Sixth, benefit allocation: in centralization, benefits belong to the company, while in blockchain, benefits belong to the community, creators, and developers. In 2017, the distribution of chips between the community and investors, VCs, etc., was about 30%/70%, whereas now it is 70%/30%, with some tokens allocated to their ecological funds, investing in building other teams around their product ecosystem. Thus, the entire token mechanism design and incentive model have evolved over time and may eventually evolve into a newer, more optimized token mechanism.
Therefore, from an overall development perspective, the differences between centralization and decentralization will lead to the failure of the moat of giants in the blockchain world, and business models will be successively disrupted.
3. Investment Logic in the Metaverse
Finally, let me share our investment logic in the metaverse. In terms of track layout, we mainly focus on: infrastructure, protocol layer, developer tools/user tools/data tools, and application layer, but we will be relatively cautious in the application layer as the infrastructure is still incomplete.
Regarding teams, we pay attention to three characteristics:
First, high market sensitivity. The blockchain market is unpredictable, with small hotspots every few weeks and large hotspots every few months. If you do not keep up, the market can easily become irrelevant to you;
Second, the design of economic models is crucial. If designed poorly, you may either be drained by opportunists or have your tokens eliminated in the secondary market;
Finally, long-termism, as the industry is in its early stages, leading to very obvious bull and bear cycles. Many tokens do not generate independent market conditions, and most people are hot in and cold out, which is the least meaningful.

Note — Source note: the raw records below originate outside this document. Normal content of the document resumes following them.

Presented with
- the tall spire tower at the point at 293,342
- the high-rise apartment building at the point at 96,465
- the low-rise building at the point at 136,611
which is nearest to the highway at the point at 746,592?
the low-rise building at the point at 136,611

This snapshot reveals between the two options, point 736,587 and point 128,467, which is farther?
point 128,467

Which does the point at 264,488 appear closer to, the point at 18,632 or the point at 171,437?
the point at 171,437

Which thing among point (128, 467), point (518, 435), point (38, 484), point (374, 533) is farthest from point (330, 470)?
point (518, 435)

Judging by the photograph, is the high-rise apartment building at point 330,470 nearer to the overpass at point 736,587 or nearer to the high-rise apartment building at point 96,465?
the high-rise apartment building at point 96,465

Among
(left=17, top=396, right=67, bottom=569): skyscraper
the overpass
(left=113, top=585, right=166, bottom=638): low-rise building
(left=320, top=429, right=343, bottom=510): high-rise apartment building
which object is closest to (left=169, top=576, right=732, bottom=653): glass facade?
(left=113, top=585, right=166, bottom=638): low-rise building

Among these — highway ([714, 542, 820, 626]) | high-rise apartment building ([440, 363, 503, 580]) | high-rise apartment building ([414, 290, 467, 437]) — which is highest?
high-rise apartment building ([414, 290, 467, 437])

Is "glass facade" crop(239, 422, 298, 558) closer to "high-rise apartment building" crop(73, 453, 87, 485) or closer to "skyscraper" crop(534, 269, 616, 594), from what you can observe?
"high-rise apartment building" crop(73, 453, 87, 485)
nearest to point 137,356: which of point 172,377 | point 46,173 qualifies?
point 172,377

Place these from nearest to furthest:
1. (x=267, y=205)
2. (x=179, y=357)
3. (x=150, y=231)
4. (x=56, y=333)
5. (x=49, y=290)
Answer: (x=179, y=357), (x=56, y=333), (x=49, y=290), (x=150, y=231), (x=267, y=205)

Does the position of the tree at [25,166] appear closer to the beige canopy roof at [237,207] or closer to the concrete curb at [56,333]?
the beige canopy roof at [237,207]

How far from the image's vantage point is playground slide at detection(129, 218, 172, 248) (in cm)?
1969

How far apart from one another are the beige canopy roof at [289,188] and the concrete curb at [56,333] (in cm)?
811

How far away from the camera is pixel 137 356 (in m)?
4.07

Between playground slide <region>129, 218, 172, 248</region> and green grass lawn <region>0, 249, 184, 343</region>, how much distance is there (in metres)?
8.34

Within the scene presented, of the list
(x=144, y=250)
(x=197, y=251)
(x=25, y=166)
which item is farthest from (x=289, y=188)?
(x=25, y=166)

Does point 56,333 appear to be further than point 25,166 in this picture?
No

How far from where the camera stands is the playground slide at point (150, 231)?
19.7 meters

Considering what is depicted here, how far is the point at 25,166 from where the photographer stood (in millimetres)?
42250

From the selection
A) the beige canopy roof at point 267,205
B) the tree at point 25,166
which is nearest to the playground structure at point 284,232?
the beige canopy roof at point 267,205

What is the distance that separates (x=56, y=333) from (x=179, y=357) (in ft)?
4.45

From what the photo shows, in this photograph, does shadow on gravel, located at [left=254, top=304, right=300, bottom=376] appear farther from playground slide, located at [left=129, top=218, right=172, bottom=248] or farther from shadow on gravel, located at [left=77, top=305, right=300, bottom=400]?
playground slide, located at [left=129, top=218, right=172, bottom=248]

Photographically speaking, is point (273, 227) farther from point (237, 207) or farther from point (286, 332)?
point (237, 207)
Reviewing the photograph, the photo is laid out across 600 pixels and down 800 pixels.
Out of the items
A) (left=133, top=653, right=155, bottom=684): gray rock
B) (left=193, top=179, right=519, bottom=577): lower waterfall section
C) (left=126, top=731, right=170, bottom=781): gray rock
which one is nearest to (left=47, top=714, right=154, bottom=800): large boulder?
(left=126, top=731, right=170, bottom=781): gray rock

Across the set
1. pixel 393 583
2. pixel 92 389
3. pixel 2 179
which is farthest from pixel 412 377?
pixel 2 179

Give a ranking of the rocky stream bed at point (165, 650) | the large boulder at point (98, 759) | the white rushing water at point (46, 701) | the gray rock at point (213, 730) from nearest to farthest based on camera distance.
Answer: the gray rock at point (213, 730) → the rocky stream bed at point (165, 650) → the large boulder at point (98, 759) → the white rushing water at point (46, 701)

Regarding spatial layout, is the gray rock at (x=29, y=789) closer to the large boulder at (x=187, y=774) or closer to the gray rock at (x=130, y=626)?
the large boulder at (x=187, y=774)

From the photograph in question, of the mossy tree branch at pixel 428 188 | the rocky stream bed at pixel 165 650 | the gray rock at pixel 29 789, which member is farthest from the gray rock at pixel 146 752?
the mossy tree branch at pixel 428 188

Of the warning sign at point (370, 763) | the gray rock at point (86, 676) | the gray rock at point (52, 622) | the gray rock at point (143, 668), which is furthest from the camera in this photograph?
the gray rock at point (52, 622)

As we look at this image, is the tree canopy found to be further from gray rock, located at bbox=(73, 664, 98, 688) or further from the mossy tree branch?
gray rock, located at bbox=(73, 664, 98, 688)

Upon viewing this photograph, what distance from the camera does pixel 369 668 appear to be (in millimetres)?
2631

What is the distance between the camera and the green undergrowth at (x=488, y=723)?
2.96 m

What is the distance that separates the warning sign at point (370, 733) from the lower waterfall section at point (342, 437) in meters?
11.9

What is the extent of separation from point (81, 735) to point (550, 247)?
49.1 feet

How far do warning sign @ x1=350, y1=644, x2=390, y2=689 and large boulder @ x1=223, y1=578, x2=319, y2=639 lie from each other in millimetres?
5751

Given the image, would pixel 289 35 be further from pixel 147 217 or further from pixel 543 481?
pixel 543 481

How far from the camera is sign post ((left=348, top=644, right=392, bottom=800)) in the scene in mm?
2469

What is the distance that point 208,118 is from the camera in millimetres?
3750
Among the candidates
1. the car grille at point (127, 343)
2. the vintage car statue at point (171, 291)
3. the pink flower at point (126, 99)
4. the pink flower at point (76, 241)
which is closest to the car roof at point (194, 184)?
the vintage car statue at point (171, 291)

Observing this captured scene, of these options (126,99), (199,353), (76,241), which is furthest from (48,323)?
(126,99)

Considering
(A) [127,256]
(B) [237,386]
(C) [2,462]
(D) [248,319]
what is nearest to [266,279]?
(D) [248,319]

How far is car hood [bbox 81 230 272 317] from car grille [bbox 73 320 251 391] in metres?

To maintain long-termism, I believe: first, you need to have passion and keep a sense of excitement, which determines whether you truly believe in this matter. I once slept only four hours a day for four months, and besides working on products, I had to meet a large number of projects. I was constantly attracted by their unique gameplay and composability;
Second, learn to endure monotony. Work and some unavoidable repetitive tasks are bound to be tedious;
Third, time and experience. A large workload is the best proof;
Fourth, accumulation leads to explosive growth. Like the traditional internet field, the blockchain industry also has cycles. You need to learn to combat cycles, but the advantage of the blockchain field is that the cycles are shorter, and as long as you persist, you can gain the benefits of a mature industry over decades;
Fifth, learn to accept mistakes, as no one is without faults. As long as we can promptly get back on track, that is enough. Personally, I believe that the essence of the metaverse is to allow everyone to have an "alternate life" through equal rights in a strange adventure journey.